▸ Exercise
Somewhere below are a line with "Đèn hồng ngoại" and a later line with "Pokémon Card Lot- Fossil". Output exactly those lines and all lines between them.

▸ Data records
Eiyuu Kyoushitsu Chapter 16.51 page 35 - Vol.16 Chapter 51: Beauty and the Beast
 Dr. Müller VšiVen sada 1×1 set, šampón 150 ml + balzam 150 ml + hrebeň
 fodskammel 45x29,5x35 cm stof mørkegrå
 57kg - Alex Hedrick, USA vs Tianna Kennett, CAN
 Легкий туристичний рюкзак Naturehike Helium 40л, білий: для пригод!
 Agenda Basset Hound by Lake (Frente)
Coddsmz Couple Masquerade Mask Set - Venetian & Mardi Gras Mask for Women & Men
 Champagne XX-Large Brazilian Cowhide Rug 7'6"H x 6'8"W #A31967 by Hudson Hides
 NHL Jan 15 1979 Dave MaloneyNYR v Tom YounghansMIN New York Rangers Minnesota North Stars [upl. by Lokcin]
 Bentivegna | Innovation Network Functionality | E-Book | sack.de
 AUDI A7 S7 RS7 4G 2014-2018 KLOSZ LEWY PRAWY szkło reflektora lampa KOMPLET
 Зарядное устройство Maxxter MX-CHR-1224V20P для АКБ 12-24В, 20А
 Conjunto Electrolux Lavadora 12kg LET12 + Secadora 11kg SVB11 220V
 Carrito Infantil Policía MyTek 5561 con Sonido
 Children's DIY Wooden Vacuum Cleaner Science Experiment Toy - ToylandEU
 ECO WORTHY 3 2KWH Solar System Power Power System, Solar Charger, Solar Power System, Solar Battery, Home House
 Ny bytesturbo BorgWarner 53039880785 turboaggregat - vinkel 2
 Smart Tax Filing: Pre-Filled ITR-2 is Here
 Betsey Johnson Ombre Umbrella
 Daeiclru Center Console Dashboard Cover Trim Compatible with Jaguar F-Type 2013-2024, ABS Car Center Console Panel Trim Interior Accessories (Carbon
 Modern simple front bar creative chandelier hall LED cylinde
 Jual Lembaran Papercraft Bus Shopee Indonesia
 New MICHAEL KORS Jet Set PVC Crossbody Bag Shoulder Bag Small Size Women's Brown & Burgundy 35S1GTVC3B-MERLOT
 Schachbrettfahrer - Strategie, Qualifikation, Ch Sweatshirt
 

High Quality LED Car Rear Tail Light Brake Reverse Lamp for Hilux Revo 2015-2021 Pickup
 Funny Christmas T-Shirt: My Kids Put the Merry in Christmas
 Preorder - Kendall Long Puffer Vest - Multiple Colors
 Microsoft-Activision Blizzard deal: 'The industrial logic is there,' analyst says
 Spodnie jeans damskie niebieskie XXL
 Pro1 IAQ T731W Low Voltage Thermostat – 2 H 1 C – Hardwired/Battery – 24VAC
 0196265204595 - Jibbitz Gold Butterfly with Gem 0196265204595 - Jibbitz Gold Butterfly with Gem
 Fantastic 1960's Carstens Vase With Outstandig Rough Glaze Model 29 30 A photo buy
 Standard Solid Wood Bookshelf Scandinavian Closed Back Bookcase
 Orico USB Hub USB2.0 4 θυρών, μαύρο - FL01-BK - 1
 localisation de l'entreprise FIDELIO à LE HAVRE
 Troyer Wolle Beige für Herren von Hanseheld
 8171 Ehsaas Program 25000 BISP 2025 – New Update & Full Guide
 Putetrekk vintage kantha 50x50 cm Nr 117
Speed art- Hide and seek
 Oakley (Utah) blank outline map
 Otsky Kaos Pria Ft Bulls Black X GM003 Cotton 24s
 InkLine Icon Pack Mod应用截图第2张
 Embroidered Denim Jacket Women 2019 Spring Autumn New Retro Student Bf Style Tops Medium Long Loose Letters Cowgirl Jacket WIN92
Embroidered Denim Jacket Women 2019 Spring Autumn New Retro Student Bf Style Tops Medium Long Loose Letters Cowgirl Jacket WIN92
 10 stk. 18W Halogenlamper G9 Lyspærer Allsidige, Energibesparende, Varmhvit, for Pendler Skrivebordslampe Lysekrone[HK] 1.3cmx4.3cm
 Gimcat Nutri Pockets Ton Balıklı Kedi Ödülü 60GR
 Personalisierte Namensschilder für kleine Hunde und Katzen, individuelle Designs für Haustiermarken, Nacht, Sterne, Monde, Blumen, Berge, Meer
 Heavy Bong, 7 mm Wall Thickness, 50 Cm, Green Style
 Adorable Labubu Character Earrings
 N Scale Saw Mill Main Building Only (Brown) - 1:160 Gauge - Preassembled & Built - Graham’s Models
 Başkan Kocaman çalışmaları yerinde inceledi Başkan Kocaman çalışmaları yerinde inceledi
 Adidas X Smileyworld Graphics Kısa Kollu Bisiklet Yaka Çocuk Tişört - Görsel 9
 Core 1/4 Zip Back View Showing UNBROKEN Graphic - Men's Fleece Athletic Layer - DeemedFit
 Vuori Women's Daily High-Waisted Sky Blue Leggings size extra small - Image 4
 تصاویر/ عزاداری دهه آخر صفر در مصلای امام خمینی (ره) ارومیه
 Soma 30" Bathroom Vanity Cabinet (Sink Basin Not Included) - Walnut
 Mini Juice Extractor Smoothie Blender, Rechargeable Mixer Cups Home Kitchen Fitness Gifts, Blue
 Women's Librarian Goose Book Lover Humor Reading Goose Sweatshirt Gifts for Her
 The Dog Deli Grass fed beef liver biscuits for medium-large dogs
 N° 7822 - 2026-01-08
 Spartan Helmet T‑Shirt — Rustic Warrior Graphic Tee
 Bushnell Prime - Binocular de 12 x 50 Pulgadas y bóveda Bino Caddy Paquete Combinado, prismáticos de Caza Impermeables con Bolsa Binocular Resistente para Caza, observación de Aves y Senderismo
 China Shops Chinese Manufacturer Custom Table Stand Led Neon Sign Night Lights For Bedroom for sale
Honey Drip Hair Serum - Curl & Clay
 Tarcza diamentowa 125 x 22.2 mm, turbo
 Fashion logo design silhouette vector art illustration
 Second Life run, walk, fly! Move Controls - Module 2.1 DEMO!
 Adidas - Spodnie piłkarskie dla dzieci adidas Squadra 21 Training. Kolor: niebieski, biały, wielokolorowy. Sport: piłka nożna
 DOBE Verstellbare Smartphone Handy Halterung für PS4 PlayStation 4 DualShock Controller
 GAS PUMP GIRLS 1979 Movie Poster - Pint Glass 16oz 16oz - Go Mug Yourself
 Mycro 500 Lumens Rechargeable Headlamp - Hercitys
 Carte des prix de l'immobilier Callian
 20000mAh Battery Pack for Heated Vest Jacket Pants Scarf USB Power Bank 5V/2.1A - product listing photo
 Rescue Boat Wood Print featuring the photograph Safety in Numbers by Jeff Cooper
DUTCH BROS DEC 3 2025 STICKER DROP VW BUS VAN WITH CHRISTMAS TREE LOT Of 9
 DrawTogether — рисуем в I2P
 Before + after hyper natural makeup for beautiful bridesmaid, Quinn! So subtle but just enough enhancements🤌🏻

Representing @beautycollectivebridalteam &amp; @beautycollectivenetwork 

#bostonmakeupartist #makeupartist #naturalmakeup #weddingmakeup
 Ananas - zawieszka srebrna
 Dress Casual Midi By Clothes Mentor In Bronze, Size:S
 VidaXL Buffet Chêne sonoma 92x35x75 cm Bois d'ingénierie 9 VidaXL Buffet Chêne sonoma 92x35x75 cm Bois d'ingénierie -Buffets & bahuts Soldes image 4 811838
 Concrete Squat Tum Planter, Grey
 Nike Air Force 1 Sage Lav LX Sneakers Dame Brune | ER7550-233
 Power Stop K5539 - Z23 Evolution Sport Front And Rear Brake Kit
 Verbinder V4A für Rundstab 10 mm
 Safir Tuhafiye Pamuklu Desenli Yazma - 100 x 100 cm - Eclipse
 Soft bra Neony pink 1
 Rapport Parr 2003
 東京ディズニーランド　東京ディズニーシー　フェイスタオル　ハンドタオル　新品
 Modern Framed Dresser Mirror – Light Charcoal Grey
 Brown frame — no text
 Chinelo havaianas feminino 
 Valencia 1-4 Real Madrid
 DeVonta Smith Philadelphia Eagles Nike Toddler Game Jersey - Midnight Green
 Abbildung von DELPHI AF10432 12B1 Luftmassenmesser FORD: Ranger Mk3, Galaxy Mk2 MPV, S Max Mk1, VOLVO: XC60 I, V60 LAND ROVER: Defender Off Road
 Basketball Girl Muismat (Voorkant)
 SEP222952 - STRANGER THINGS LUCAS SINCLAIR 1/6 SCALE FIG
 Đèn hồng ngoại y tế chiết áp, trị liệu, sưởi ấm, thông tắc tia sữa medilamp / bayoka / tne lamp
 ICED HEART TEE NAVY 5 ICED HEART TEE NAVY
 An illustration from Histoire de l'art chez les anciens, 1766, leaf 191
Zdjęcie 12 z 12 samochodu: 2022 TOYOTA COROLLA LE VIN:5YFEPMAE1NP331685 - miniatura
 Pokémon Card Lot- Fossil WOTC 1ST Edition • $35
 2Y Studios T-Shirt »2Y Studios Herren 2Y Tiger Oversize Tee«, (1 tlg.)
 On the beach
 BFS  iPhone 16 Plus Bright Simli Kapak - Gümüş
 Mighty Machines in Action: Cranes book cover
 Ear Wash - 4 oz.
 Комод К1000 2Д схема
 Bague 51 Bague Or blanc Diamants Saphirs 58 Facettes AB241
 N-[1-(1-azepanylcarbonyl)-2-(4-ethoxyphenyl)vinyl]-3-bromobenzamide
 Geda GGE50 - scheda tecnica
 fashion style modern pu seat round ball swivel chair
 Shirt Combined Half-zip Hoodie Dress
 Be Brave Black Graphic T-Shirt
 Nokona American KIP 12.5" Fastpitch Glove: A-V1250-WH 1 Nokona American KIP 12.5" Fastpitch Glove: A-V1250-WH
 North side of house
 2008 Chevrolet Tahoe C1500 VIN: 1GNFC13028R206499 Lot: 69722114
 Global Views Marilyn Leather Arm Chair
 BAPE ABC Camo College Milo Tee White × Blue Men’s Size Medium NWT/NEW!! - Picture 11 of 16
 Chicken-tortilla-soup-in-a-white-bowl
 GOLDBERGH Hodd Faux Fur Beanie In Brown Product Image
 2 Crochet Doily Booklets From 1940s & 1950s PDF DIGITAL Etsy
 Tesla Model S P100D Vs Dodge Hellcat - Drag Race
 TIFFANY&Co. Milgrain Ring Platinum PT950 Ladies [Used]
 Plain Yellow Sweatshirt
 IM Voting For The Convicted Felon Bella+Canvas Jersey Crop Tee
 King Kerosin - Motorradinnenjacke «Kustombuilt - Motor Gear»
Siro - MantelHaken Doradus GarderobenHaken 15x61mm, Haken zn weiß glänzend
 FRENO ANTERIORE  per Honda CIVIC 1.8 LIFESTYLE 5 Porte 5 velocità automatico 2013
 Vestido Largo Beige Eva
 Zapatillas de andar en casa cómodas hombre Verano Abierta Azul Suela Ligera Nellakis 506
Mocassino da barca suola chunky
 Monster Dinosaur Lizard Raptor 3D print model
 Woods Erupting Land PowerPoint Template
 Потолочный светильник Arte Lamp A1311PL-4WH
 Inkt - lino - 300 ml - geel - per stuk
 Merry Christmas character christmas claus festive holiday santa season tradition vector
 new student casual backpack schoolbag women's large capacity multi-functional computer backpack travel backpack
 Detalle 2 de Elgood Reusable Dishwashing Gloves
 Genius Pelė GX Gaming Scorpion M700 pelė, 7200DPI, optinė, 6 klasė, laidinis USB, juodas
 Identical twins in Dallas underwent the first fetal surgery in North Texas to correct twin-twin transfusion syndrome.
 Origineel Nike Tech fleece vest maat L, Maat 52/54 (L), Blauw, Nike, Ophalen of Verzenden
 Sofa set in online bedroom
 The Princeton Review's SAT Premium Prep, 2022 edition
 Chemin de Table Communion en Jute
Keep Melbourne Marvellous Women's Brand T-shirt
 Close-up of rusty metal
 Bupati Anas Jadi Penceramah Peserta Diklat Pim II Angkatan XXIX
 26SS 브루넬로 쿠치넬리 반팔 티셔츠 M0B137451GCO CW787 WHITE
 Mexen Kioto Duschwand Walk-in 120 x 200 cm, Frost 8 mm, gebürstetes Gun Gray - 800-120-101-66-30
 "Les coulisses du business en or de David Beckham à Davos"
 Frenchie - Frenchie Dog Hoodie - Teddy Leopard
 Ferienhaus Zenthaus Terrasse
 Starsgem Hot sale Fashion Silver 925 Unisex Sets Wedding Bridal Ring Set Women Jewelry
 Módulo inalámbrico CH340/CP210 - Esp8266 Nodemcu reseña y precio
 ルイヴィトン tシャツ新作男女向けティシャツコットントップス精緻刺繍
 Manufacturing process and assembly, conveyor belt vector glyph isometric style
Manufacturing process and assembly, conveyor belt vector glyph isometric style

▸ Completed task
 Đèn hồng ngoại y tế chiết áp, trị liệu, sưởi ấm, thông tắc tia sữa medilamp / bayoka / tne lamp
 ICED HEART TEE NAVY 5 ICED HEART TEE NAVY
 An illustration from Histoire de l'art chez les anciens, 1766, leaf 191
Zdjęcie 12 z 12 samochodu: 2022 TOYOTA COROLLA LE VIN:5YFEPMAE1NP331685 - miniatura
 Pokémon Card Lot- Fossil WOTC 1ST Edition • $35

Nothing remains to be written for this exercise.